Beware too the Builder who urges you on by saying such things as “It is just a standard Contract, I have never had any problems with it”.
Or, if you get anxious and suggest to the Builder that you would like your solicitor to look at the Contract first and his reaction is to answer “I have done over 100 Contracts in the last few years and never had anyone ask for their solicitor to check the paperwork”
Like a boudoir bandicoot he is preying on your ignorance and trying to bully you into a state of reluctant compliance.
Why should any builder who has nothing to hide have any objection to a reasonable request that you have the Contract checked over by your family solicitor.
After all, the Builder works with these fundamentals every day of the week, you do not.
There are many issues to be considered, but here are three important ones.
1. Liquidated Damages
This is the amount that the Builder agrees to pay you if the property is not constructed to practical completion within the timeframe in the Contract. All too often, the amount inserted for liquidated damages is a meagre $100 or $200 per week.
Contrast this with what almost every builder includes in the Contract as the penalty that you will pay him if there is any delay in making even one progress payment – often an amount of 18 or 19% penalty interest.
So don’t baulk at asking the Builder to include a more realistic figure for liquidated damages to be paid to you in the event of his delay. All you need say is that you simply want to be treated fairly.
If he is entitled to 18 or 19% interest on any late payments by you, why shouldn’t he at least pay you say the amount of rental that you will have to pay if you have to move into an alternative property until he has completed the project, or until your tenant can move in.
Some commentators think that this is still being overly fair to the Builder however if you think it through, the aim of the exercise is to simply keep them honest and try and get them to bring the property “in on time”.
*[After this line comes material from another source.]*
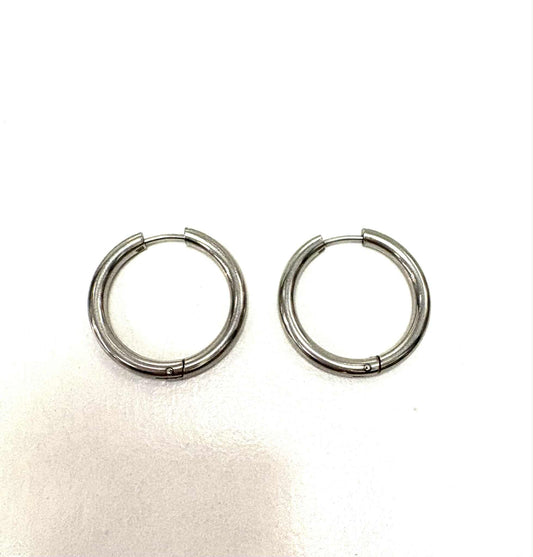 Bo argent 26mm - Rouge inox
If you insert too high a figure then in my experience this will only prompt them to increase the price of the job by issuing Variation Notices for every small alteration that they have made which they would otherwise have probably just thrown in as part of the price.
Best not to appear to be too greedy. This leads me to my next point.
2. Variations to the Contract
Make sure that you are crystal clear about what ability the Builder has to vary or increase the price.
Most Building Contracts provide that for any variation the Builder is entitled to charge you the actual cost of the variation plus at least another 20% of that cost.
Blowouts of building costs in this way are very common and a big trap for the uncautious.
It is for this reason that it is essential that you always ask the Builder not only what is included in the building price, but what is excluded.
Wrongly assuming that an item such as say, flyscreens, was included in the sale whereas it is in fact excluded, could understandably lead you to later on requesting a variation to the Contract to include flyscreens thus prompting an unexpected blowout in the building costs.
3. Builder’s Right to Freeze the Title to Your Property
Many Building Contracts provide in the fine print that the Builder has the right to lodge a caveat (a freeze on your title) over the property if you default in making any payment to him.
For example, late payment of even an amount of say $1,200, can trigger this right. Such a provision is grossly unfair to you as the owner.
Freezing of the title in this way not only prevents you from selling the property but also prohibits you totally from borrowing any additional monies against it or even re-financing your loan.
To understand fully the power that such a clause gives to your builder think of the point in reverse with this simple example.
Let us say that after the job got underway you varied the Contract so that, for example, you constructed the front fence to the property (and not the Builder as stated in the Contract) and a refund was therefore due to you on handover of the property.
If the Builder failed to make this payment to you how would the Builder feel if this gave you this time, and not the Builder, the right to freeze his building company.
Now that gets this issue into perspective, does it not.